• Task details
The lines to reproduce from the material below are those from the one containing "Tarcza hamulcowa" through the one containing "Create a Custom", both included; write them out exactly and add nothing.

• Given records
= = = = =
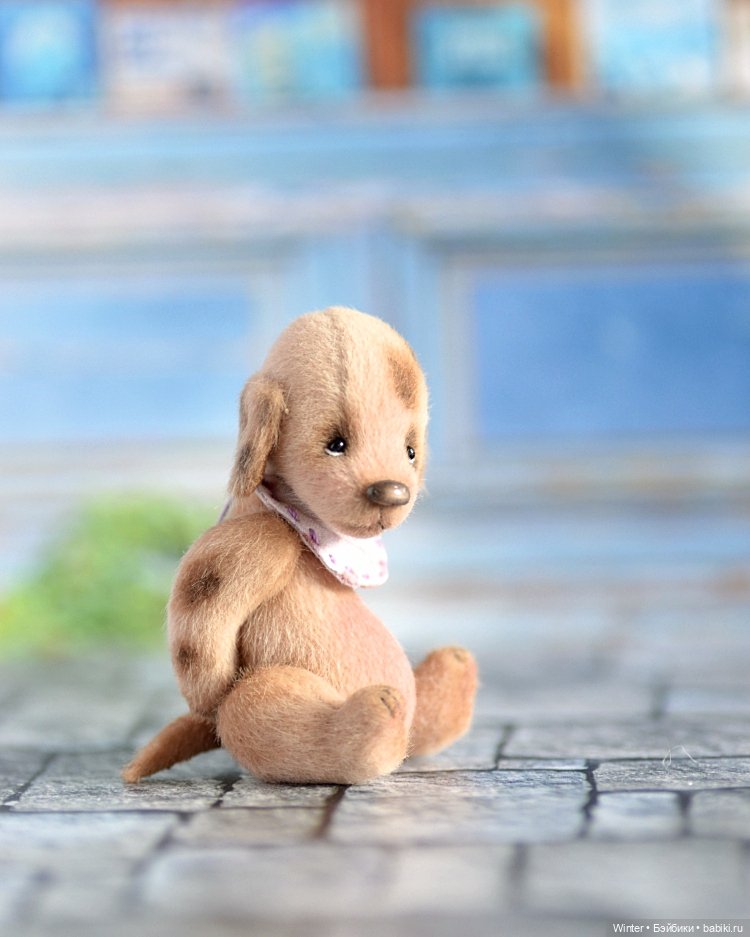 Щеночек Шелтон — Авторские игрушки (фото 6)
= = = = =
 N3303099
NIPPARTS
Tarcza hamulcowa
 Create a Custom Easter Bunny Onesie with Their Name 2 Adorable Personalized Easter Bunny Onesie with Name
= = = = =
• Completed task
Tarcza hamulcowa
 Create a Custom Easter Bunny Onesie with Their Name 2 Adorable Personalized Easter Bunny Onesie with Name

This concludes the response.